WORK REQUIRED: Task for the records below: please copy exactly, and only, the lines from the one containing "Wyoming The Cowboy" to the last line, both included, leaving out the pictures.

DATA FOR THE TASK:
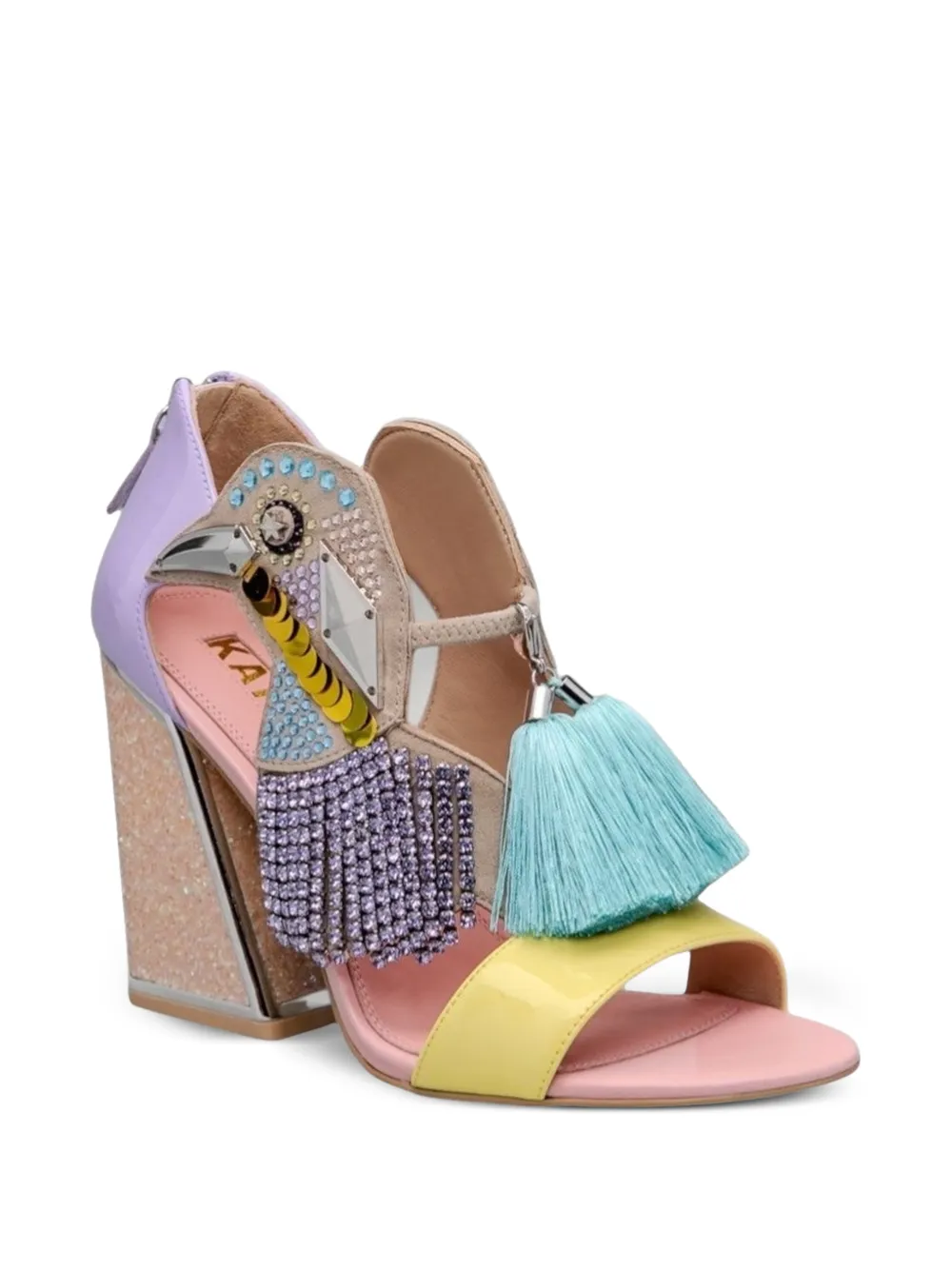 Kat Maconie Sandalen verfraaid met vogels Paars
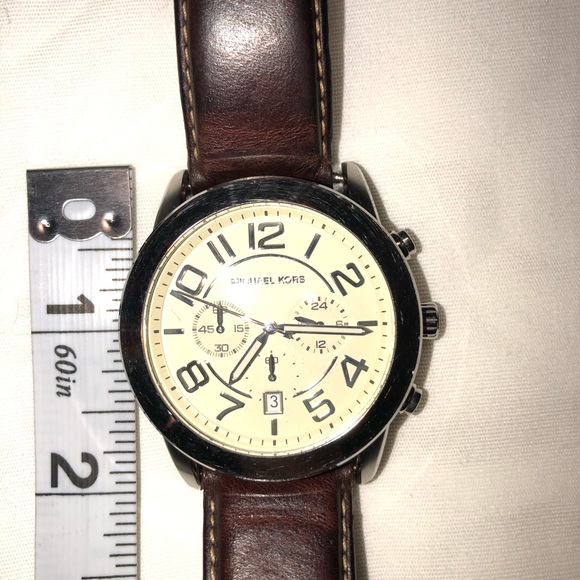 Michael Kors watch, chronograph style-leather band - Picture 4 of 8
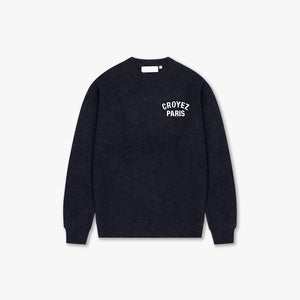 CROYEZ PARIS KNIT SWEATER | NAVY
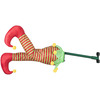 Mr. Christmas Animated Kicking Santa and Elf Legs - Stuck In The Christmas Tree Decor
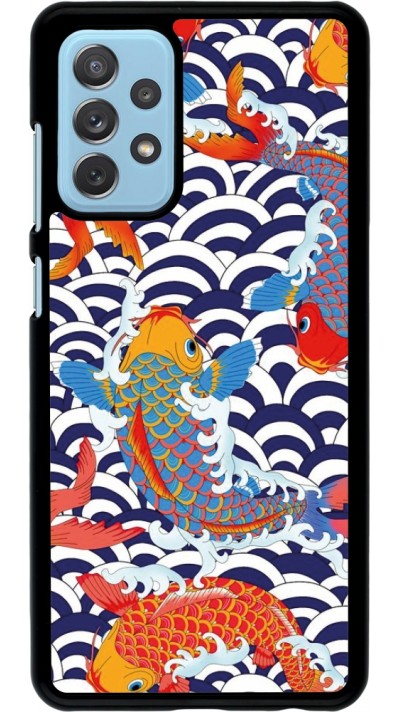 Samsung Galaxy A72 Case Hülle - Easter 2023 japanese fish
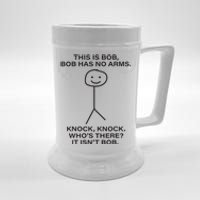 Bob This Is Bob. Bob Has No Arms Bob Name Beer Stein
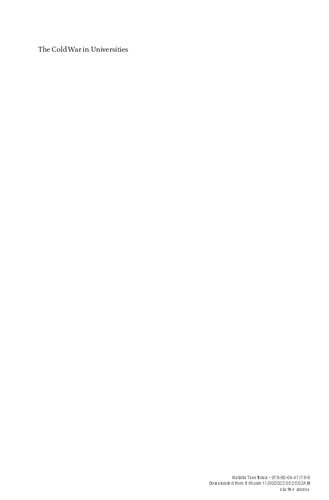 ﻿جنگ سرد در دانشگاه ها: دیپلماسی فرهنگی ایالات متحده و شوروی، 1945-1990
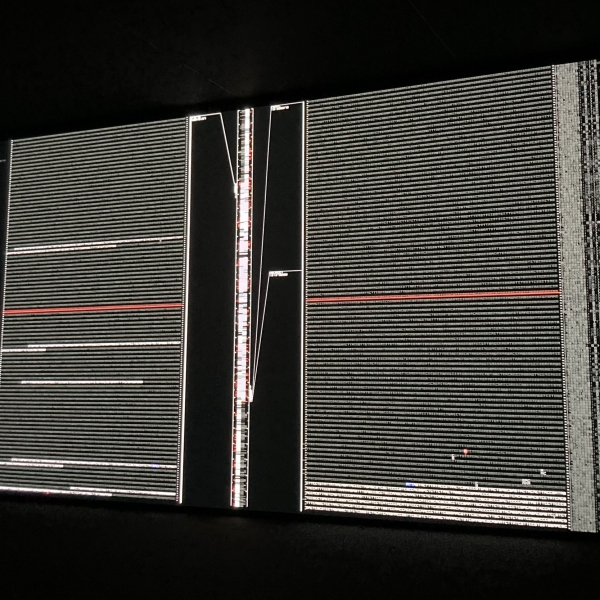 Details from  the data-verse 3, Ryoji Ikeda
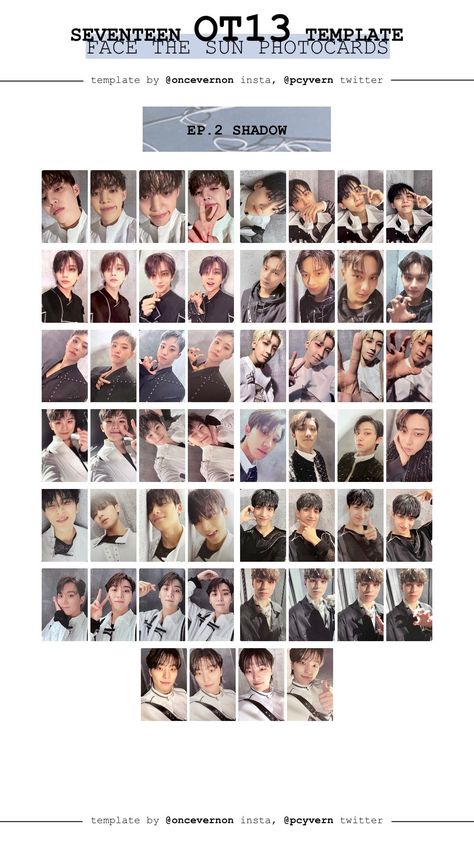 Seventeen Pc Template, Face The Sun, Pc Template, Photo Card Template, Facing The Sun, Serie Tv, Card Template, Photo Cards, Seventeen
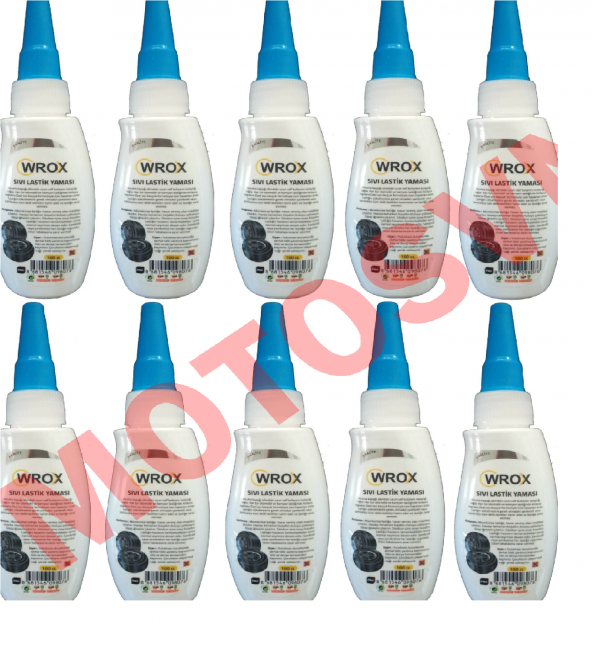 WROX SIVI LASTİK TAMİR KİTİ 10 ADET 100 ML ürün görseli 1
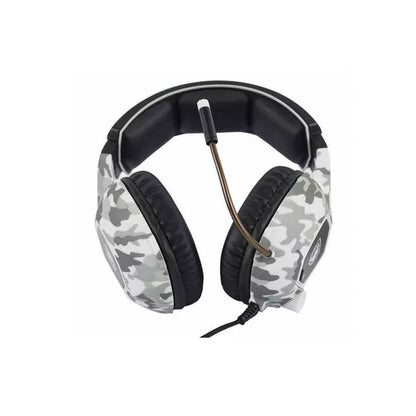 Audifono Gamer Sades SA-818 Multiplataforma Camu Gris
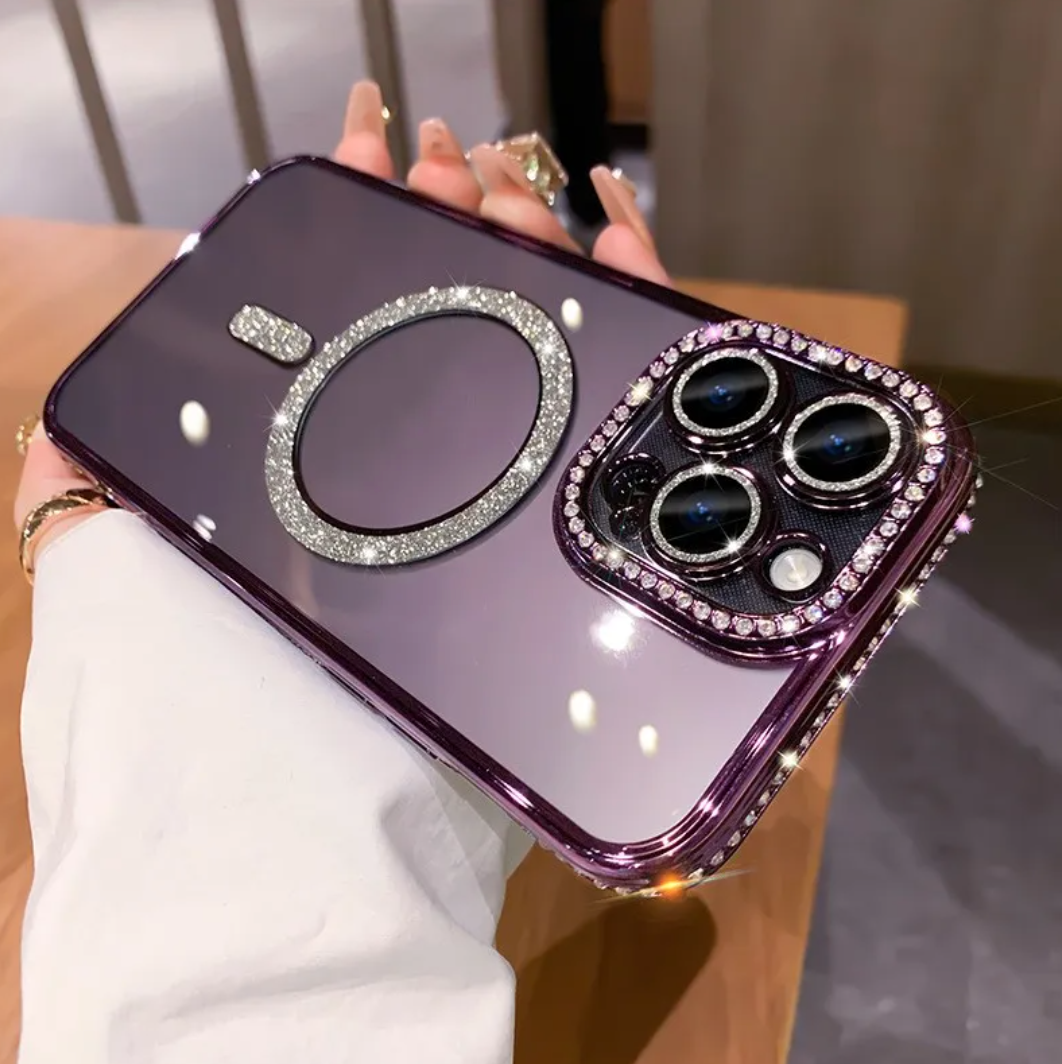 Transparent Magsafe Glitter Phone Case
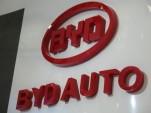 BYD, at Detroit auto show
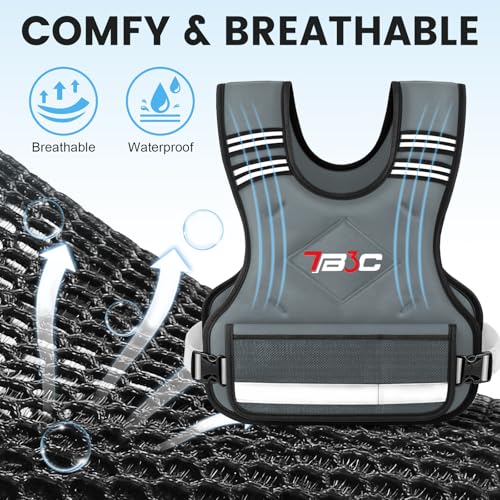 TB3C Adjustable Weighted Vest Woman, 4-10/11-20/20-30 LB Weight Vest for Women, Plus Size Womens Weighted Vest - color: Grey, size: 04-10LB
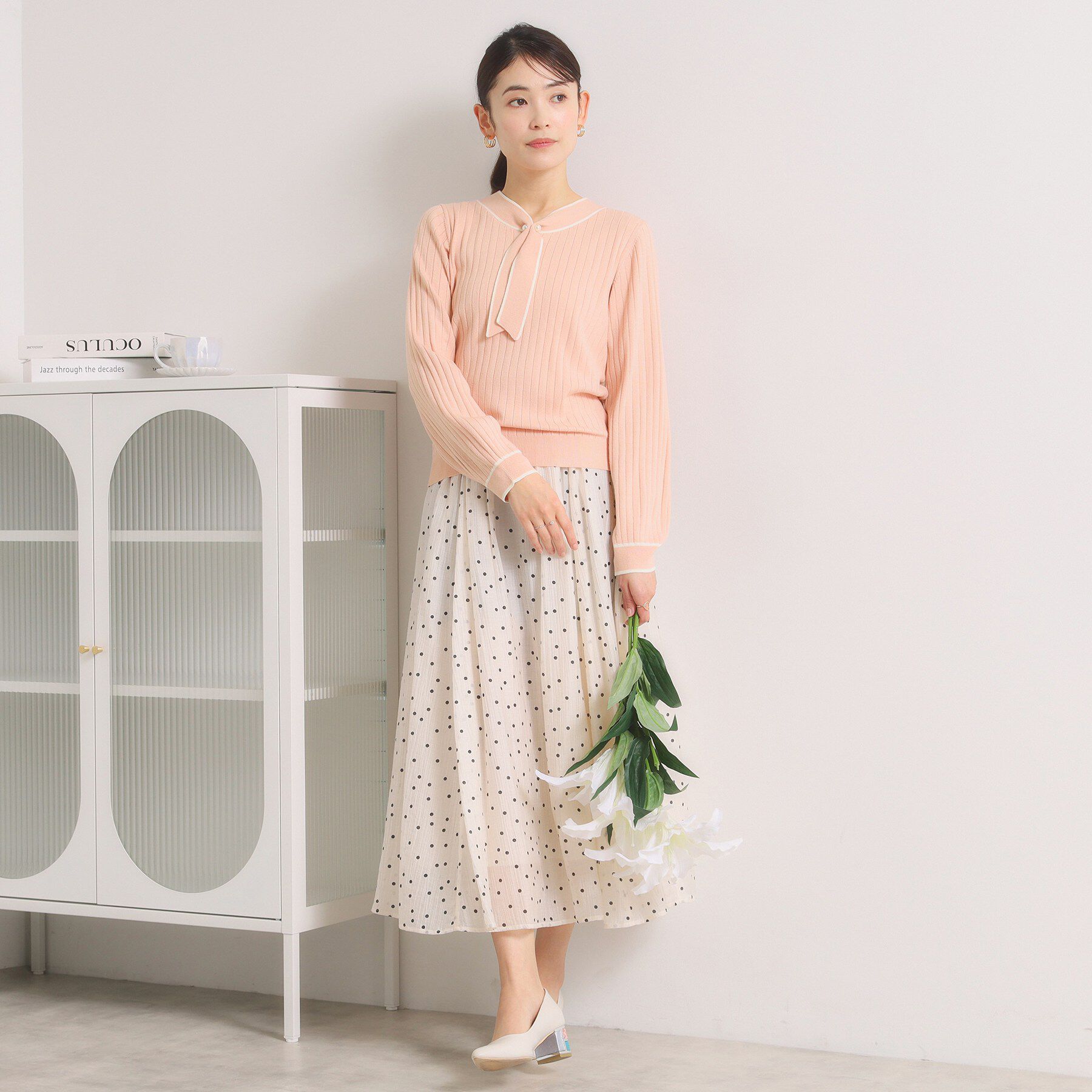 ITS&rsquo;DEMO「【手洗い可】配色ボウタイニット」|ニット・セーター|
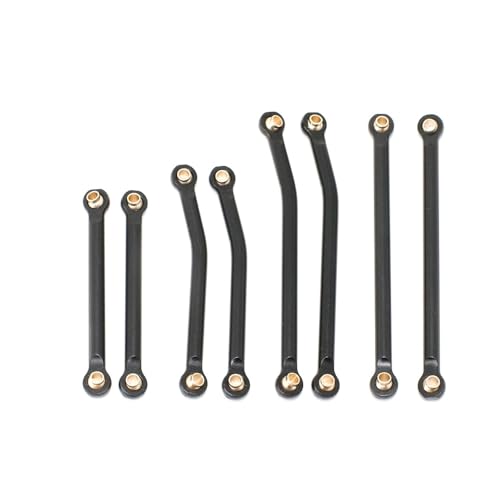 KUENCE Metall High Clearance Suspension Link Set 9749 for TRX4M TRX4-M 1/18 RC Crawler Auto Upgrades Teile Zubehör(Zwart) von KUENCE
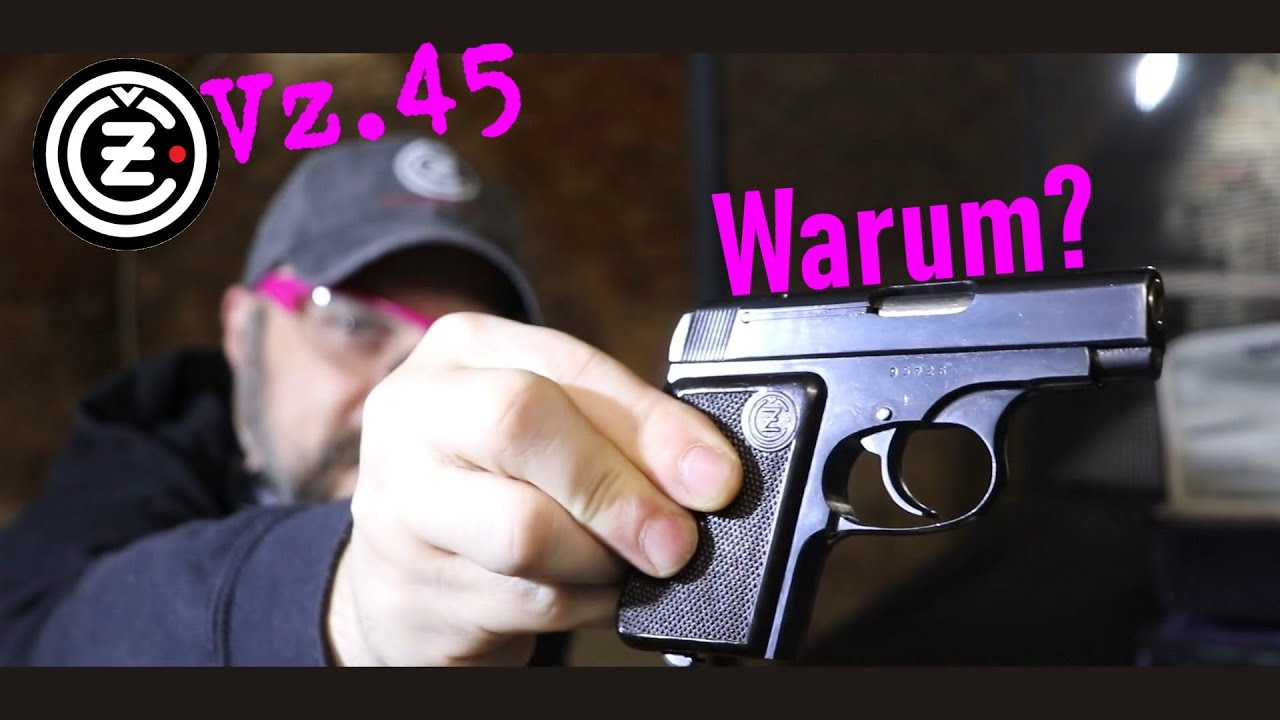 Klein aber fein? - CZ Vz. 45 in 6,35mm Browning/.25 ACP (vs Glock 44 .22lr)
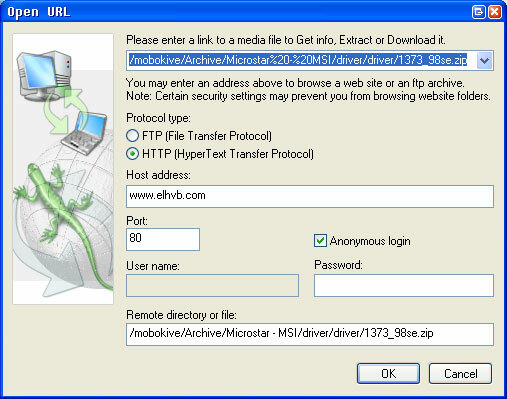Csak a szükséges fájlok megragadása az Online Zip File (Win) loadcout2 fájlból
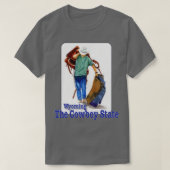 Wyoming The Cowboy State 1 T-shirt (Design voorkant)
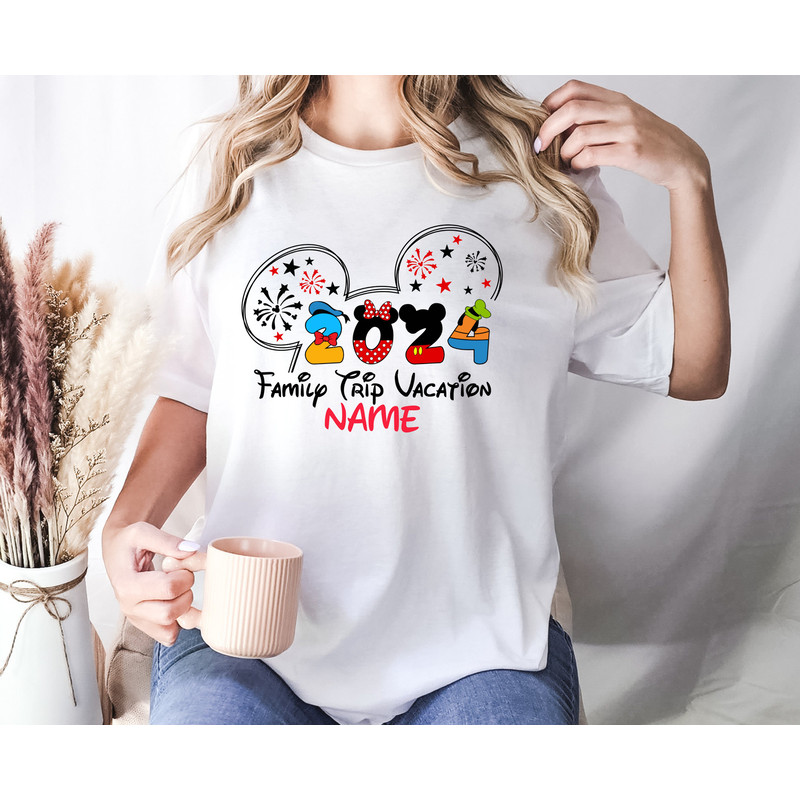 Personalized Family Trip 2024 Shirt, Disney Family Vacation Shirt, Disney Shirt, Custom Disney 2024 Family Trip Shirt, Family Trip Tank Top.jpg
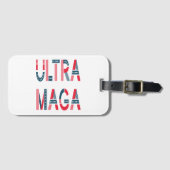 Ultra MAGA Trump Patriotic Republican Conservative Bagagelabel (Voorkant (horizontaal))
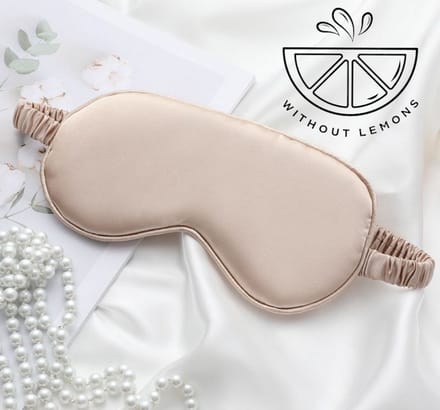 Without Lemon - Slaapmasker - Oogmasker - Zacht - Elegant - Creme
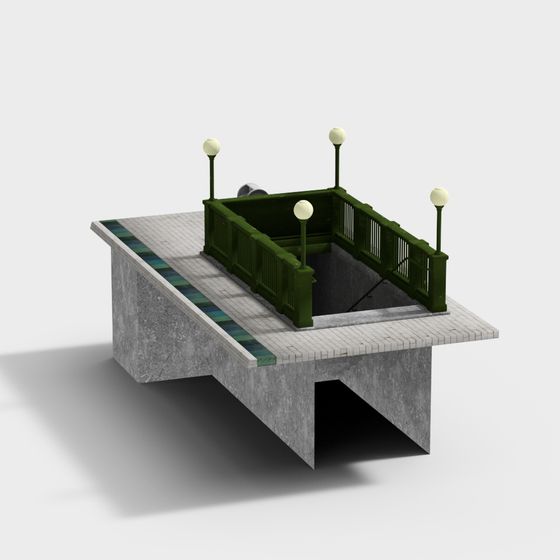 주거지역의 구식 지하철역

TASK SOLUTION:
 Wyoming The Cowboy State 1 T-shirt (Design voorkant)
 Personalized Family Trip 2024 Shirt, Disney Family Vacation Shirt, Disney Shirt, Custom Disney 2024 Family Trip Shirt, Family Trip Tank Top.jpg
 Ultra MAGA Trump Patriotic Republican Conservative Bagagelabel (Voorkant (horizontaal))
 Without Lemon - Slaapmasker - Oogmasker - Zacht - Elegant - Creme
 주거지역의 구식 지하철역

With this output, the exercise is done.